### ASSIGNMENT
Pictures do not belong in the copy. Write out exactly the lines from the one containing "New 2026 Mercedes-Benz" through the end of the data.

(Beginning of RAW DATA)

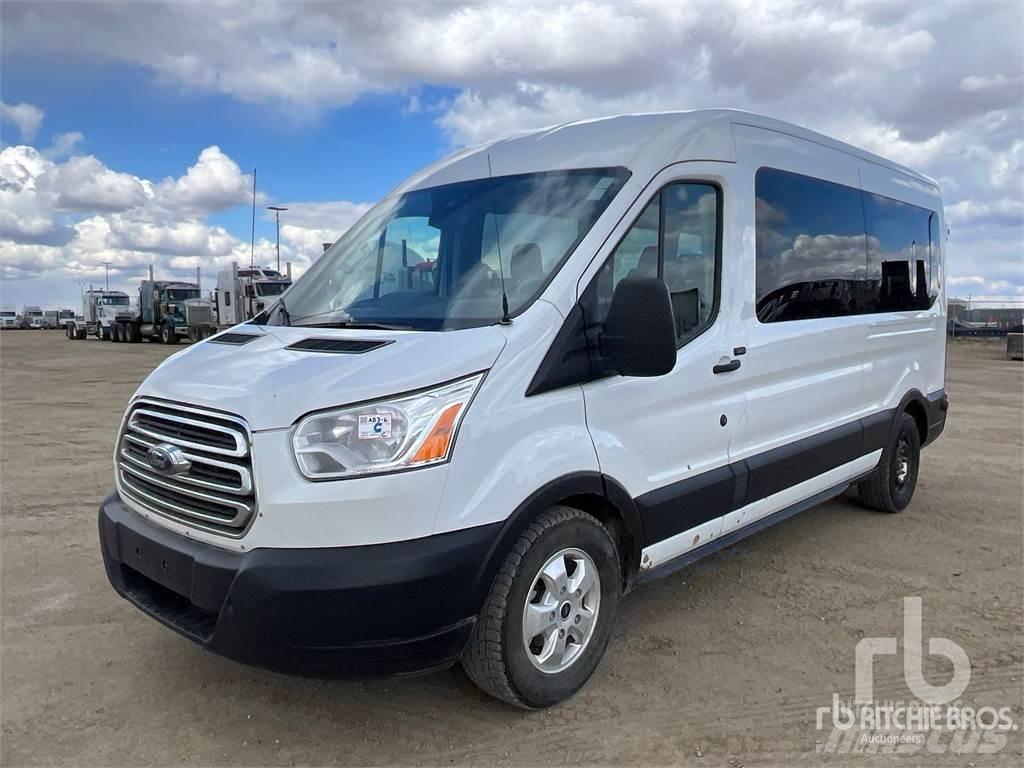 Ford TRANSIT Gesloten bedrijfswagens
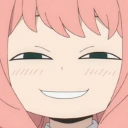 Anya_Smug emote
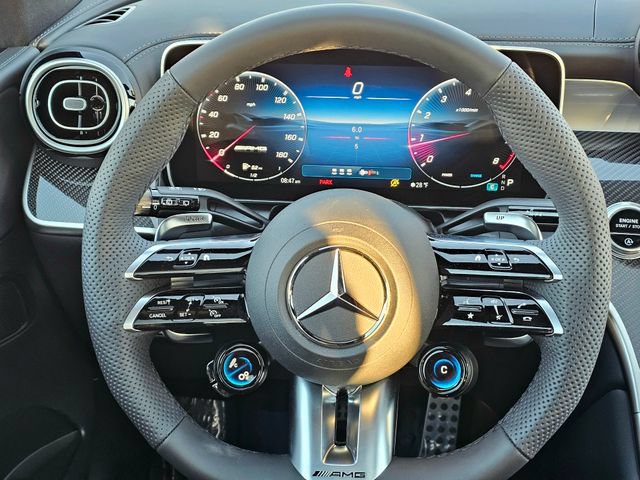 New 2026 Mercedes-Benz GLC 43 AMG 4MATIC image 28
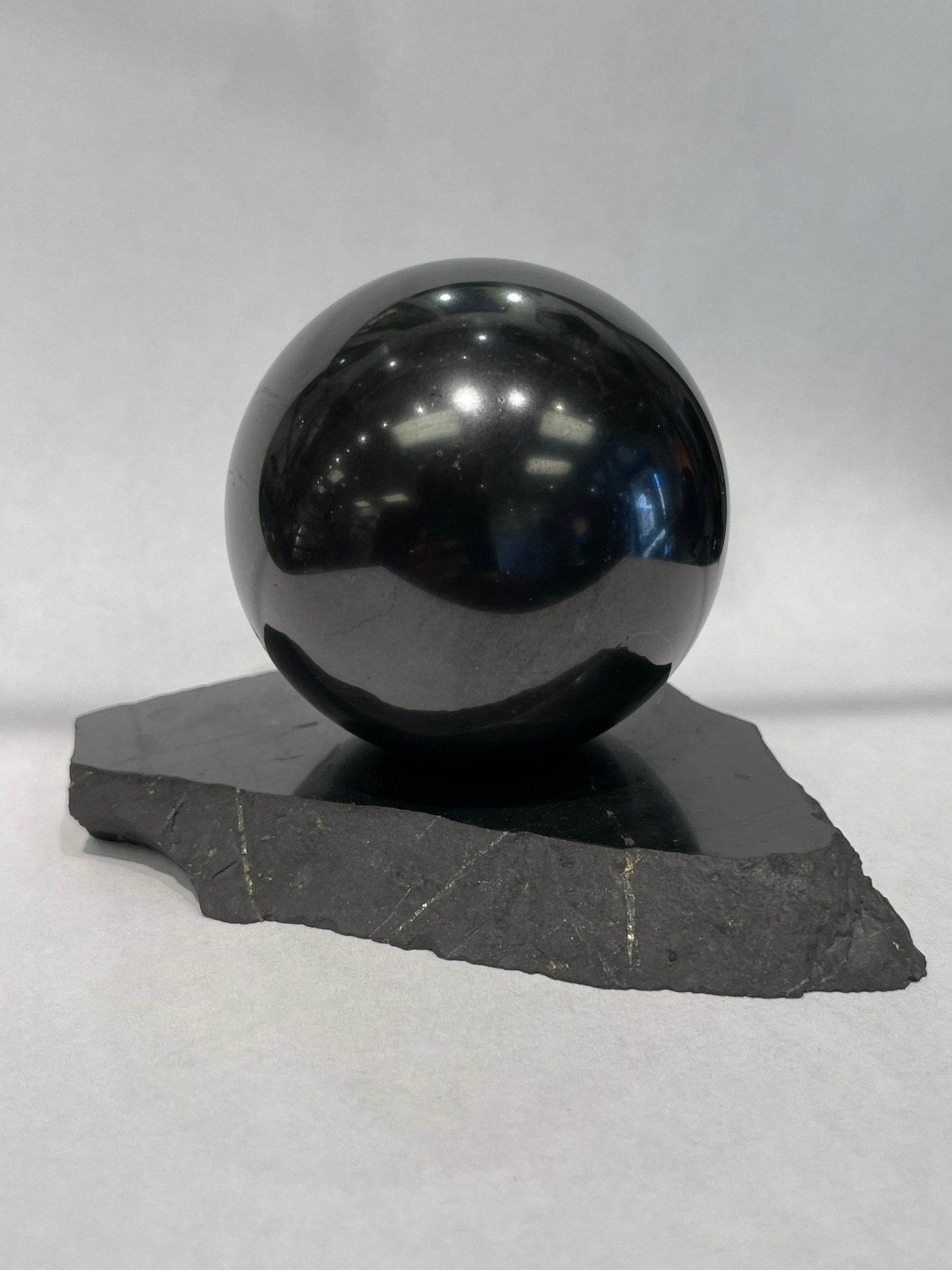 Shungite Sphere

(End of RAW DATA)

### SOLUTION
 New 2026 Mercedes-Benz GLC 43 AMG 4MATIC image 28
 Shungite Sphere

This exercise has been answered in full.